The attention inspired her to launch a blog. When readers click a link and buy a product that she recommends, she makes a commission. The woman, who goes by Elise, said she hoped she would soon make enough to quit her other job. “It’s what I’m working toward,” she said.
This is not the first time a recession has spurred a new wave of bakers, said Mr. Stamm of the bread bakers’ guild.
“We saw a big uptick in the early 2000s when the markets failed and a lot of people who had large 401(k)s lost their jobs,” he said. “We saw a lot of them come into baking; a lot are still around.”
Ms. Stankiewicz was among those who found baking right around then. “For sure there was a feeling, ‘I hate my job, I hate my life, I’m going to wake up and follow my heart,’” she said. “I think the same thing has happened here.”
Jason Evans, dean of the College of Food Innovation & Technology at Johnson & Wales University, said that the 2007-9 recession also spurred “a bit of a renaissance” in the culinary arts.
But as the pandemic has been generating excitement among new bakers, it has also been wearing down old-timers.
“It has been a roller coaster,” said Celine Underwood, a founding baker at Brickmaiden Bakery in Point Reyes Station, Calif.
Many bakery owners have had to figure out how to stay afloat without allowing customers inside. Profits plummeted. Staff members fled.
“Then business suddenly boomed, even more than before, but with a fraction of the available staff,” she said. “Those we’ve tried to bring on during the pandemic have been unreliable, had personal chaos, or seem to just not be entirely stable or know what they want.”
Now it’s virtually impossible to get a qualified baker to answer a wanted ad, she and others said.
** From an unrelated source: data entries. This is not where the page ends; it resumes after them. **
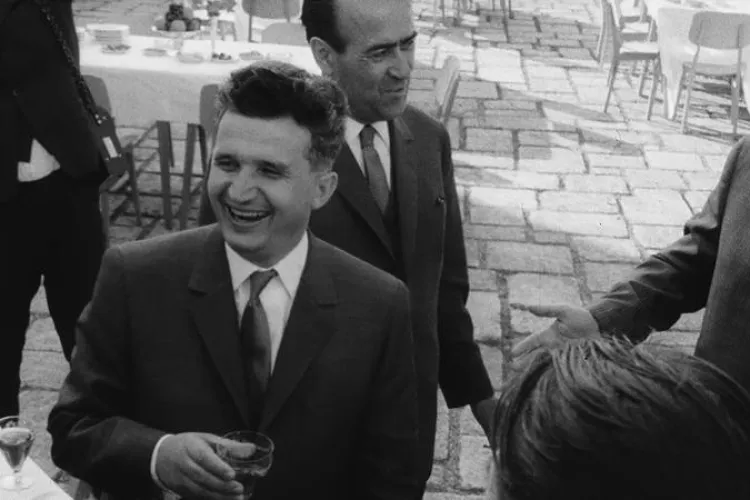 Bancul preferat al lui Ceaușescu. Râdea în hohote de fiecare dată când îl auzea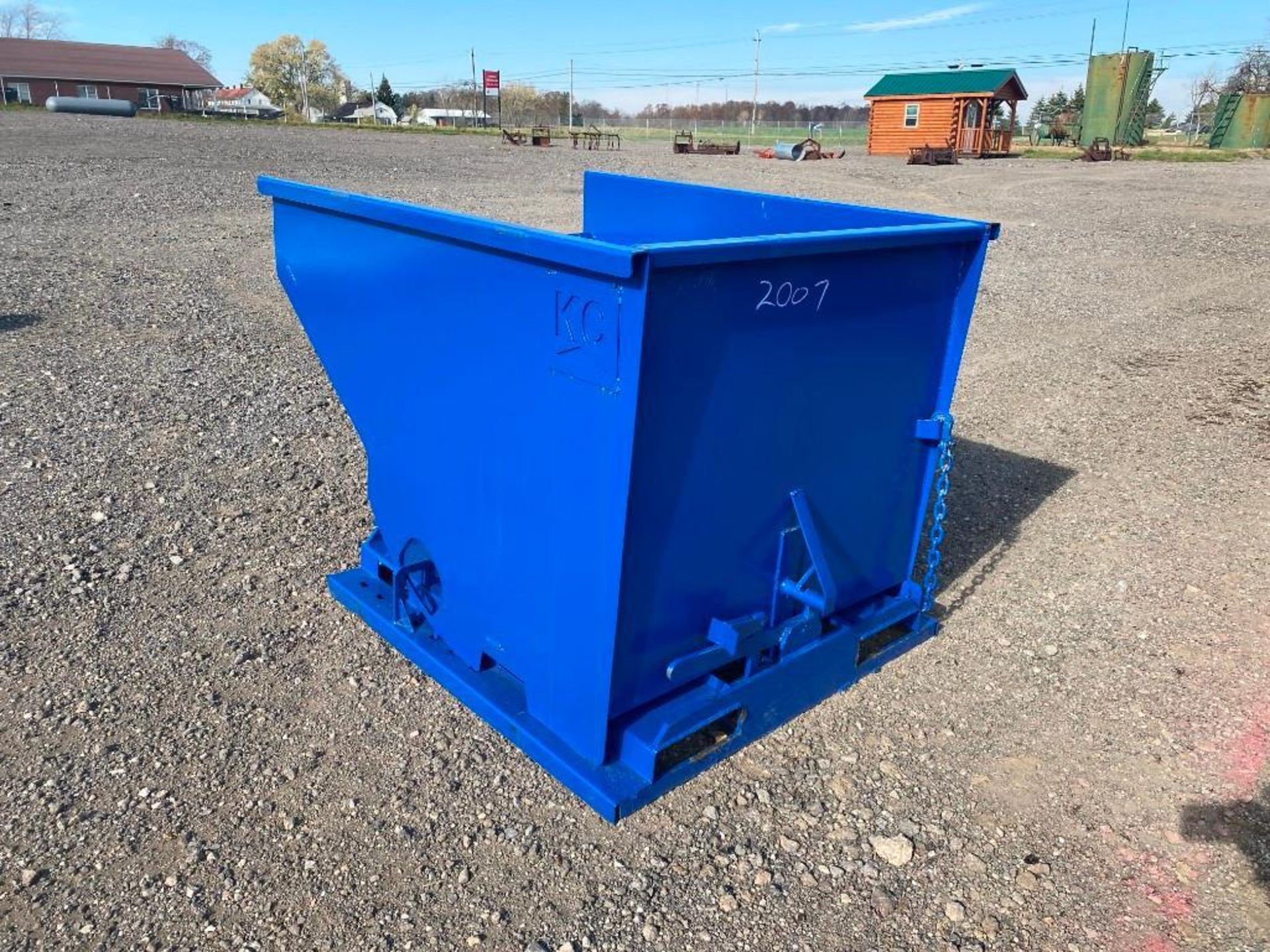 New 2 Cubic Yard Self Dumping Hopper with Fork Pockets - Image 4 of 4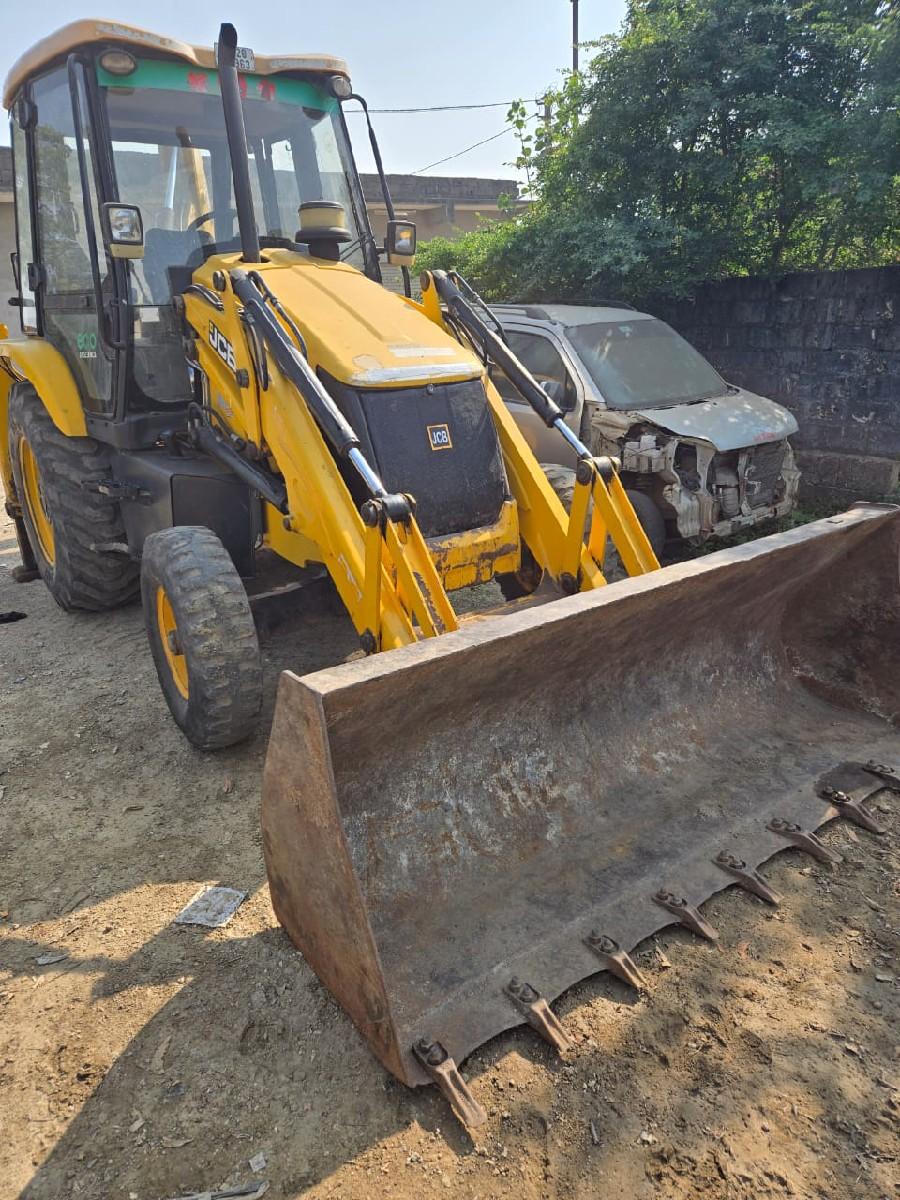 jcb (1) 2017 (2) 2014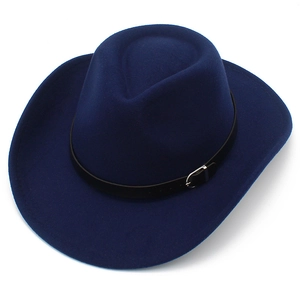 Dettaglio cappello da cowboy in lana blu navy con cintura in pelle nera e fibbia argento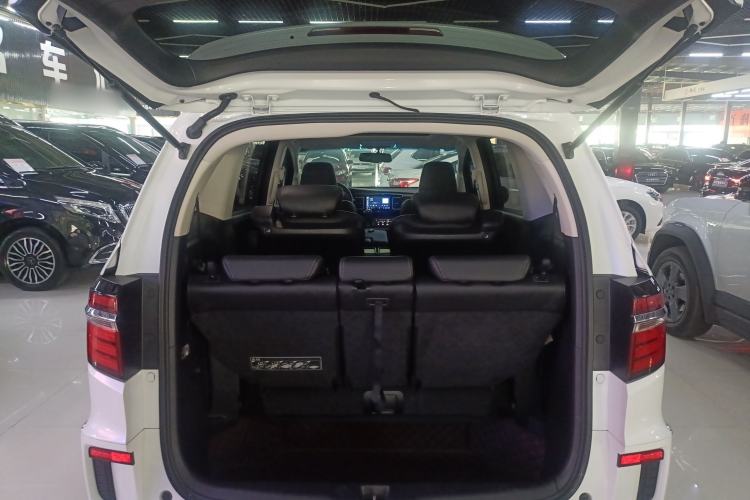 Used Honda Elysion 2016 2.4L Luxury Edition
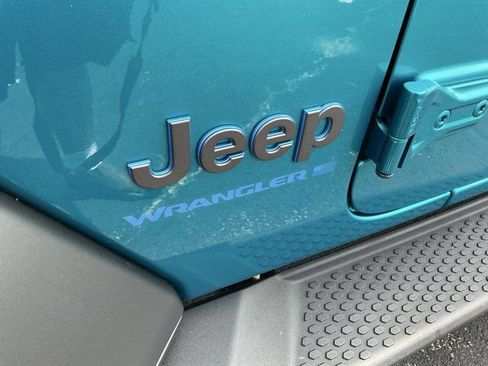 Used 2024 Jeep Wrangler Unlimited Rubicon 4xe w/ Technology Group AWD/4WD image 12
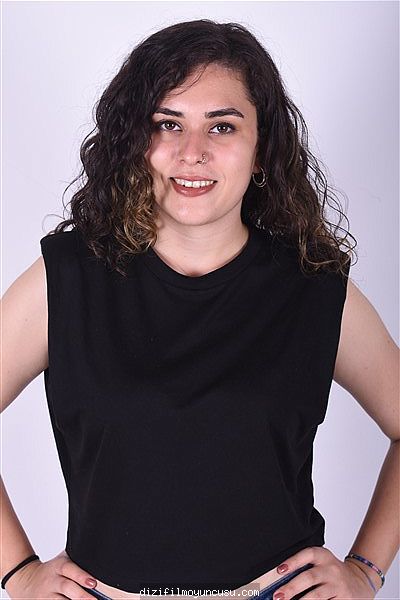 Kadın Oyuncular Adayımız Nesrin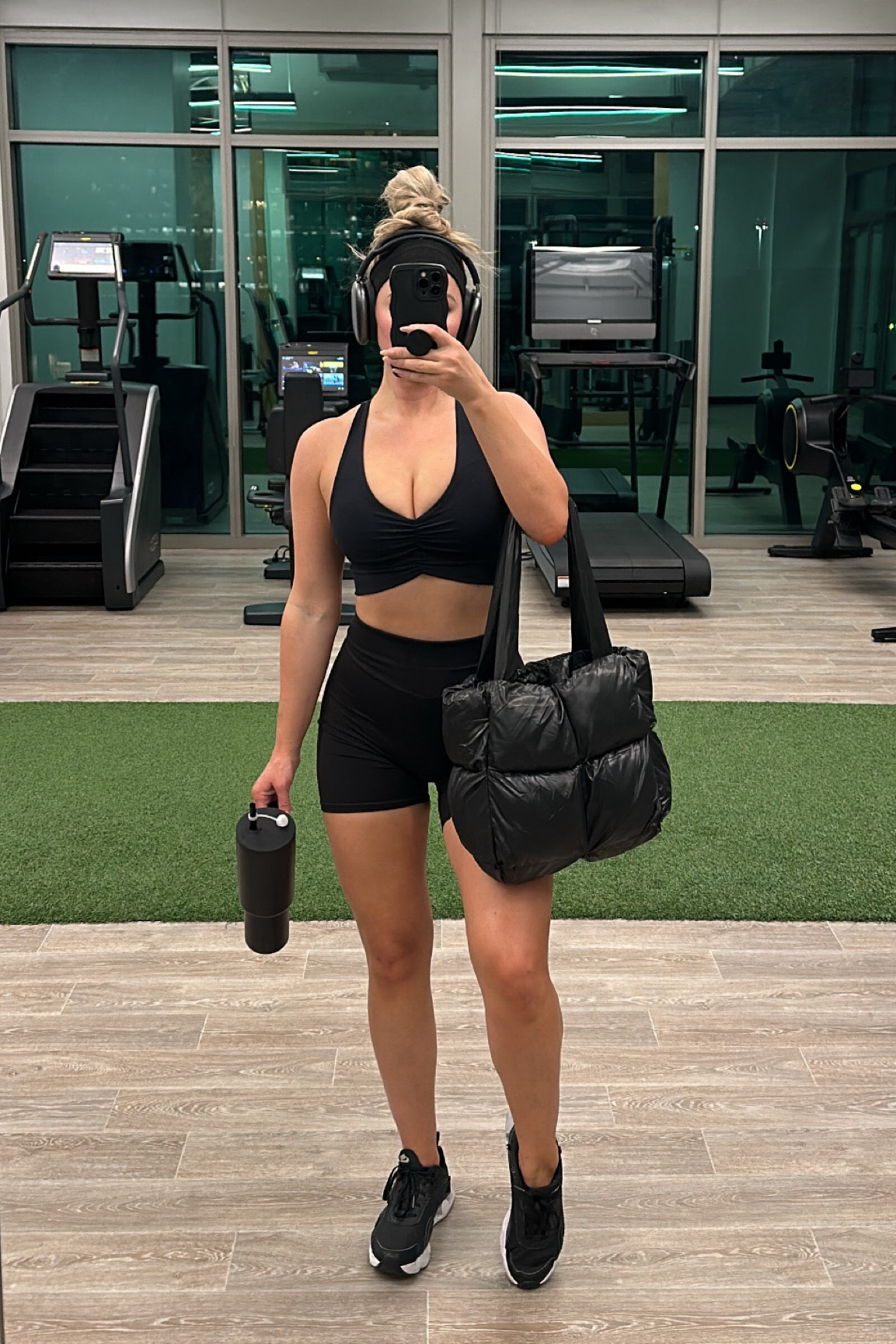 Cute new little puffer gym bag! 

#LTKFindsUnder100 #LTKFitness #LTKFindsUnder50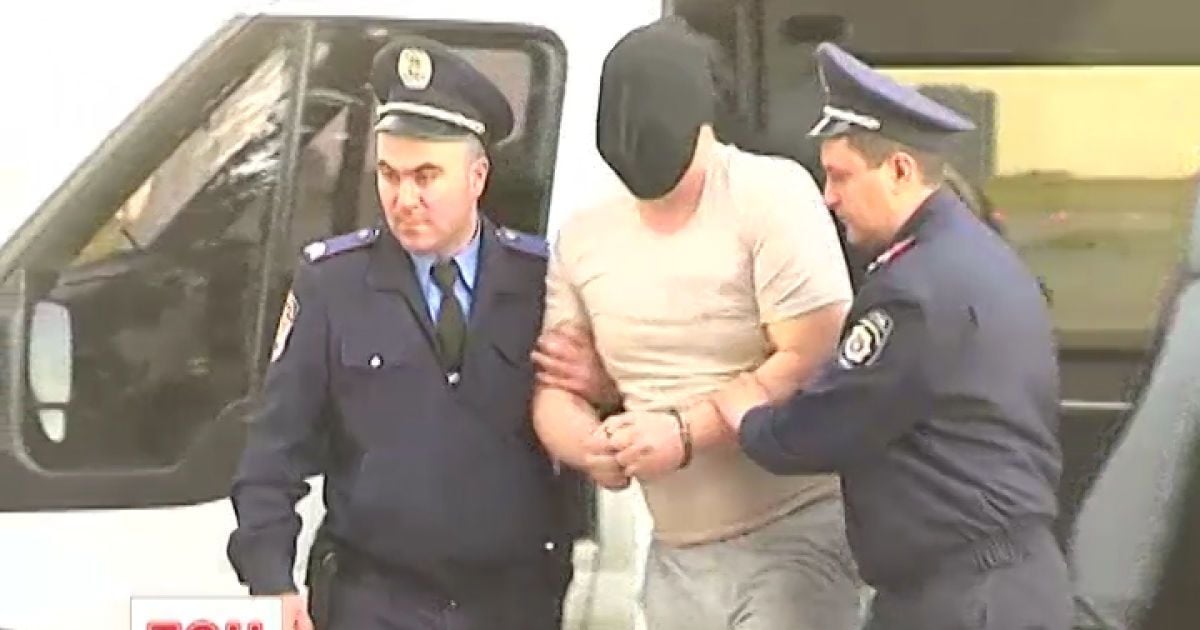 Правоохоронці затримали какідзянова і у кайданах та масці посадили в автозак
Cottage bakers like Mr. Kumangai don’t have to contend with such staffing challenges. Except, as life scoots toward normal, they are facing the temptations of jobs they knew before.
For months, Mr. Kumangai has been placing a cast iron skillet with lava rocks and a cup of water in his oven — among other tricks to make it function like a professional steamer oven. Just as he began looking into renting space in a commercial kitchen, he learned that “Jagged Little Pill” wanted him back in the fall.
He has convinced himself that he can do both: bake in the morning and perform on Broadway at night. He and Mr. Lowney will postpone scaling up the operation, however, for now.